5.3 Contract Enforcement

Compile-Time Category Safety

• p1 - ID: cpt-cf-errors-fr-compile-time-safety

Using the wrong context type for a category, or forgetting to handle a category, MUST produce a compile error.

• Rationale: Compile-time enforcement is the strongest guarantee against contract violations.
• Actors: cpt-cf-errors-actor-module-developer, cpt-cf-errors-actor-llm-agent

Schema Drift Prevention

• p1 - ID: cpt-cf-errors-fr-schema-drift-prevention

CI MUST detect changes to error response schemas (field names, types, status codes, GTS identifiers) before merge. Accidental changes MUST block the PR.

• Rationale: Prevents silent breaking changes to the error contract.
• Actors: cpt-cf-errors-actor-ci-pipeline

GTS-Based Error Identification

• p1 - ID: cpt-cf-errors-fr-gts-identification

Each canonical error category MUST have a globally unique GTS identifier registered in the Types Registry. The GTS identifier MUST be validated at compile time and used as the error type URI in wire responses.

• Rationale: GTS provides a platform-wide identity system. Compile-time validation prevents identifier typos.
• Actors: cpt-cf-errors-actor-api-consumer

5.4 Standards Compliance

Existing Standard Adoption

• p1 - ID: cpt-cf-errors-fr-standard-adoption

The REST wire format MUST be based on an existing industry standard for error responses.
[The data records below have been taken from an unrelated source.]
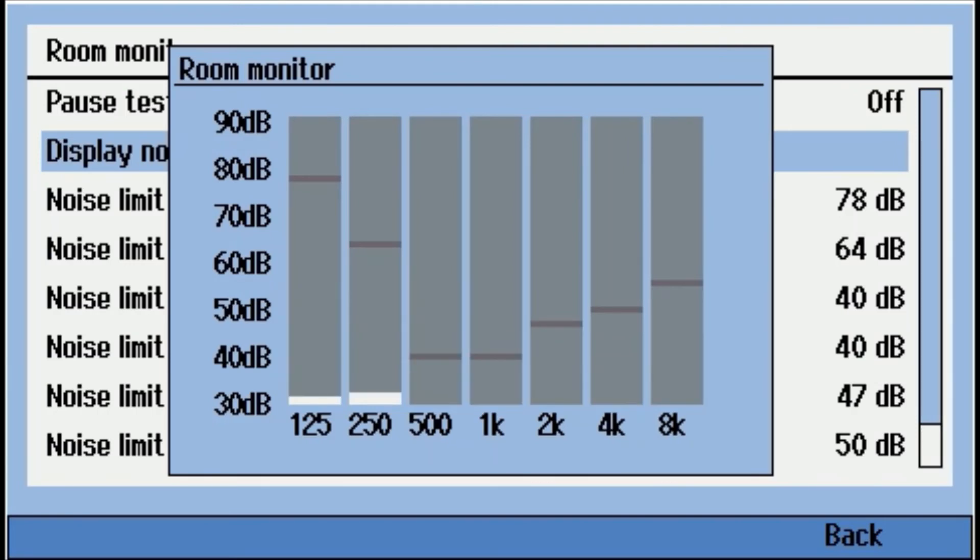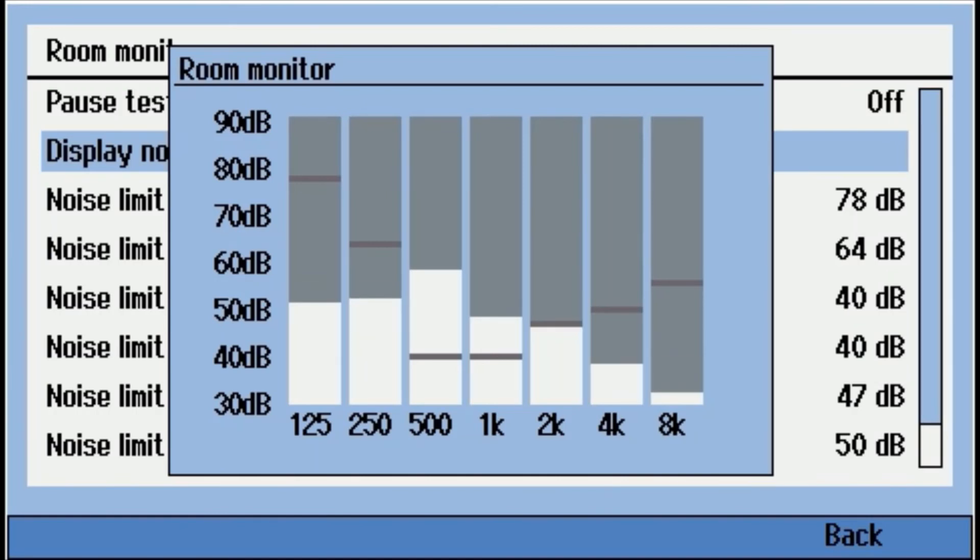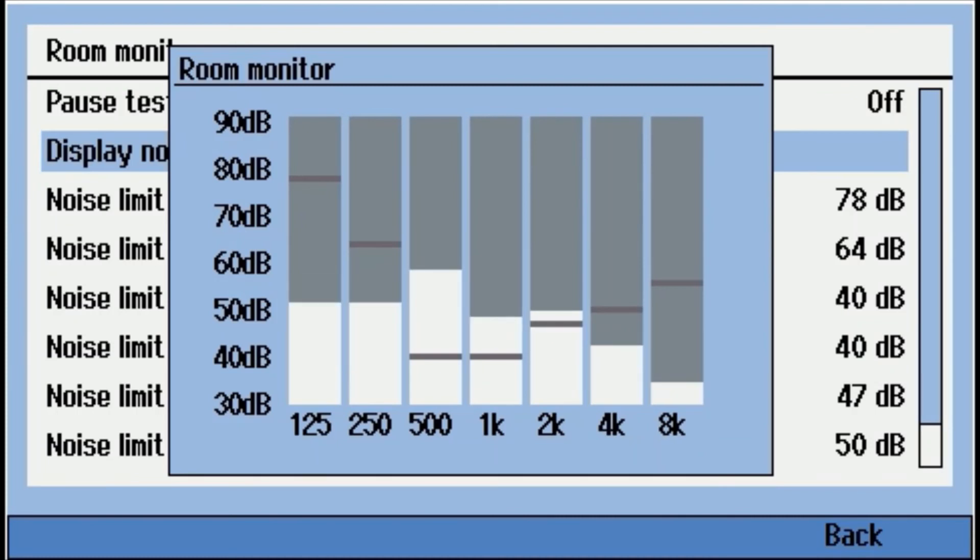So what this will do, if you're testing, let's say you want to test away from a booth, it gets too loud. When it's too loud, it'll pause the test. And then as soon as it gets quiet again, it'll resume the test. So the operator doesn't have to do that. The audiometer's programmed to do that automatically.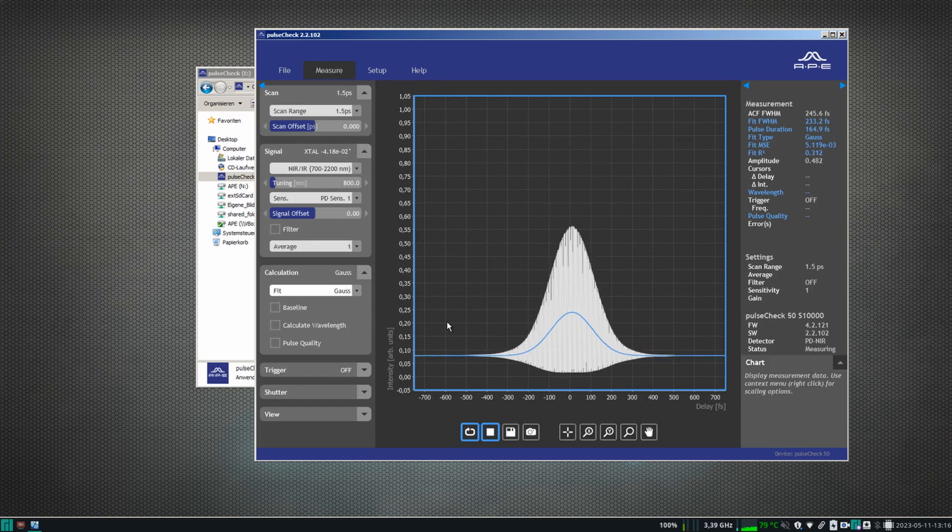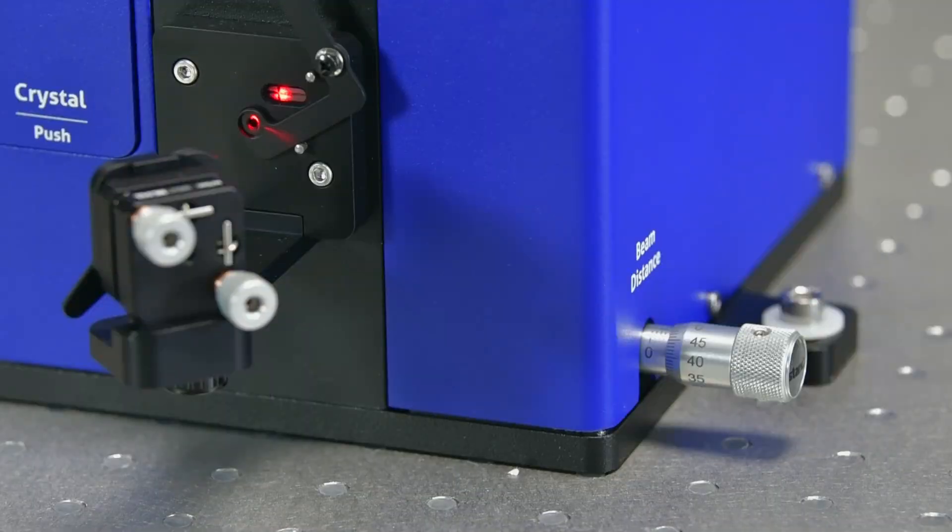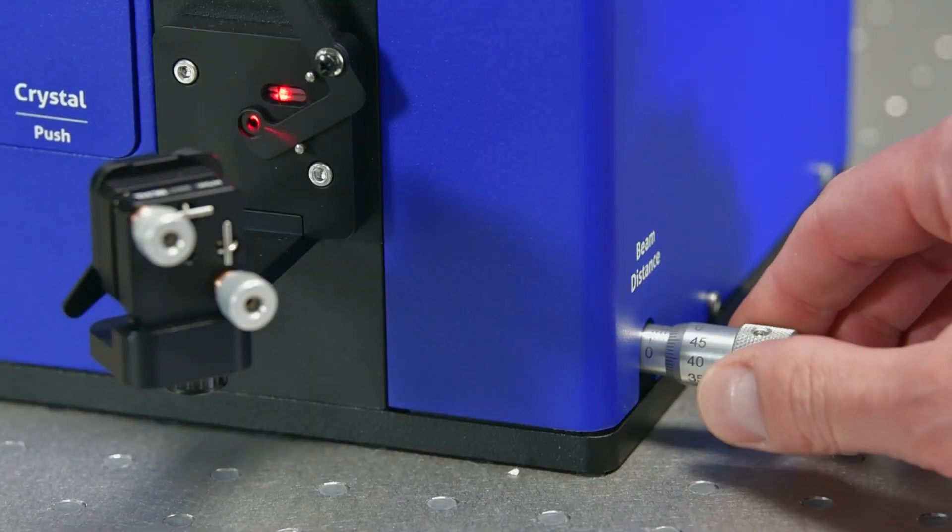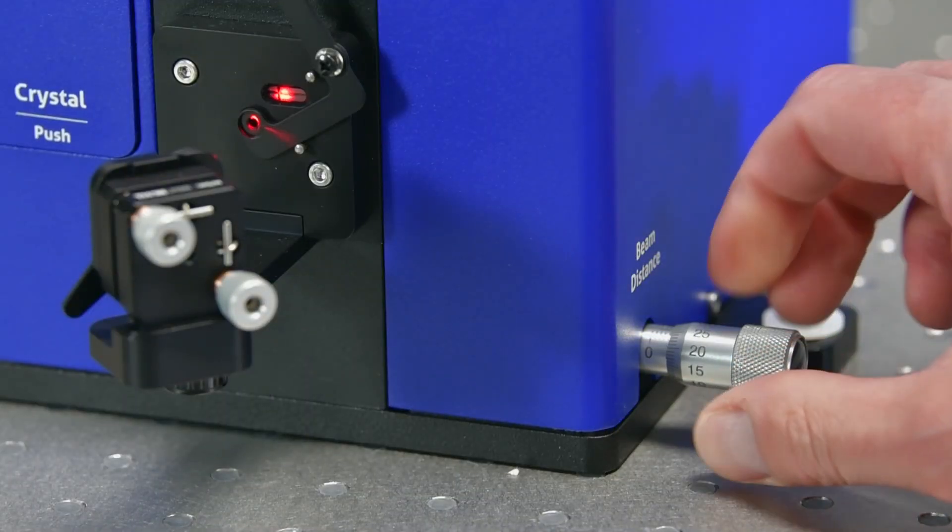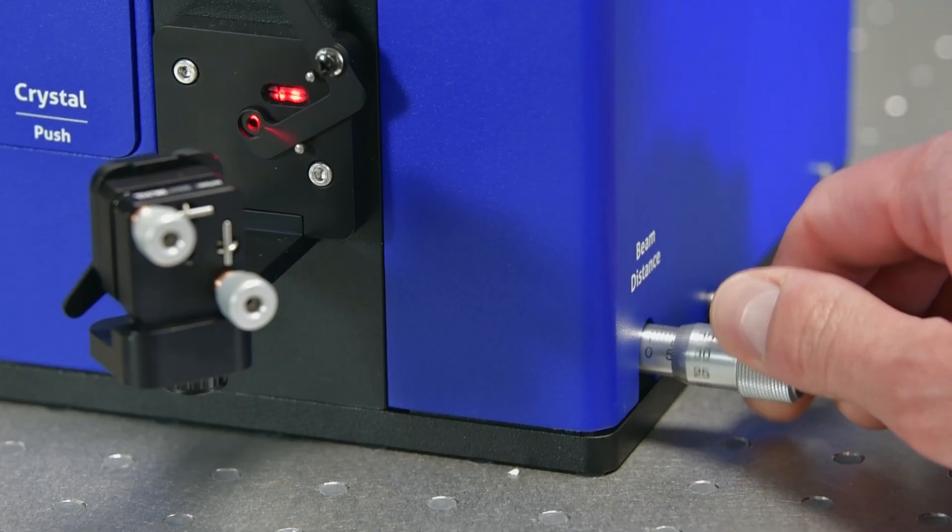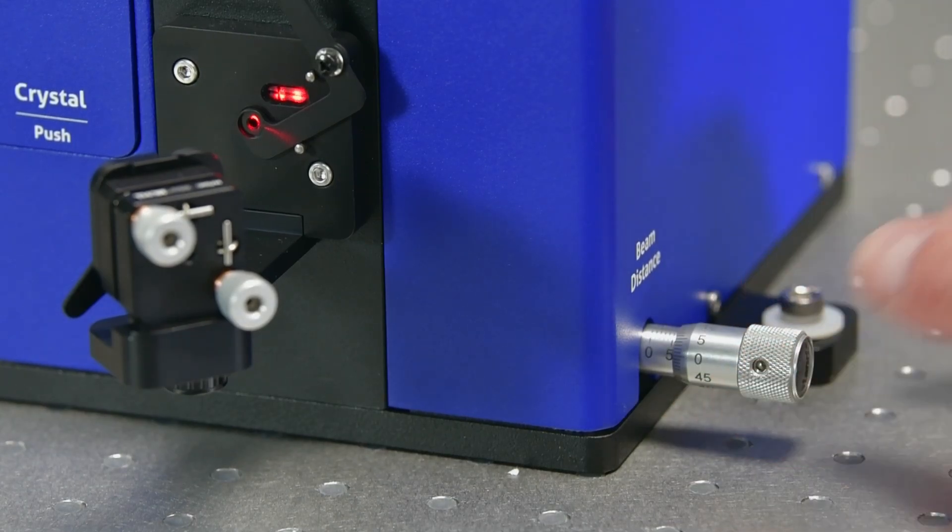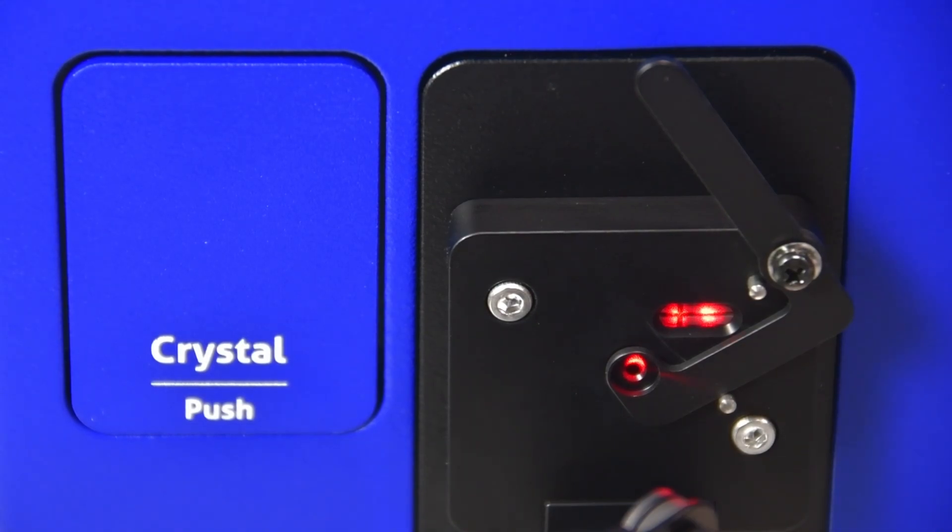If you want to change from collinear to non-collinear mode, simply turn the previously mentioned beam distance screw to the documented value. By adjusting the beam distance screw, you can always switch between non-collinear and collinear mode. In non-collinear mode, two separated beams are visible on the crosshair.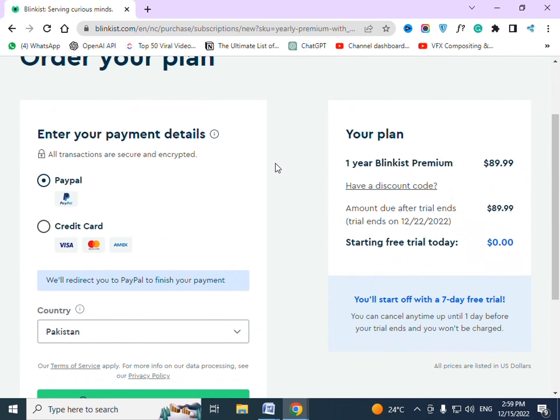Now you have to enter your credit card details. Then you will be able to learn a new skill in just 10 minutes a day.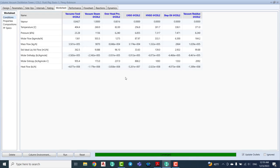You can go back to the worksheet and see all the data available again. You can compare, for example, when you dedicate the bottom stage temperature versus using the delta T return temperature drop of the pump around for the light vacuum gas oil. That's all about how we can simulate and set up all the specifications for the vacuum distillation tower. You can dedicate anything that you want — that's all.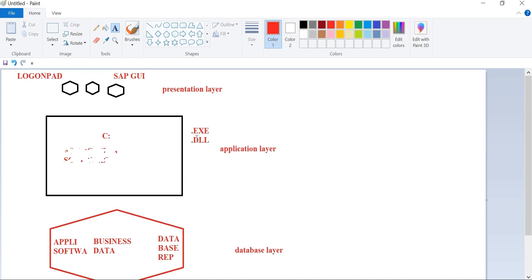The heart of any software is its kernel — its .exe and .dll files. These files reside at the application layer, and the entire working mechanism of the application layer operates from here. Whenever you call an SAP screen, it is brought from the database. Your business data also comes from the database. The mechanism — the .exe and .dll files — works at the application layer, but all data is stored at the database level.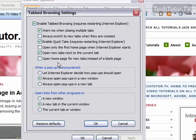Now when you do encounter a pop-up, there's a couple ways you can specify you want Internet Explorer to handle it. You can let Internet Explorer decide. You can always open the pop-up in a new window, or you can simply open the pop-up in a new tab.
• Rationale: Using an established standard reduces learning curve for external consumers and aligns with industry best practices.
• Actors: cpt-cf-errors-actor-api-consumer

6. Non-Functional Requirements

6.1 Module-Specific NFRs

Error Construction Performance

• p2 - ID: cpt-cf-errors-nfr-error-construction-perf

Error construction MUST be O(1) enum + struct allocation with no heap allocation beyond the context payload.

• Rationale: Errors are on the hot path for rejected requests; construction must not add latency.

7. Public Library Interfaces

7.1 Public API Surface

CanonicalError Crate

• p1 - ID: cpt-cf-errors-interface-canonical-error-crate

• Type: Library

• Stability: stable

• Description: Public library exporting the canonical error type, all context types, wire format conversion, and the resource-scoped error macro.

• Breaking Change Policy: Major version bump required for any change to category set, context type schemas, GTS identifiers, or HTTP status mappings.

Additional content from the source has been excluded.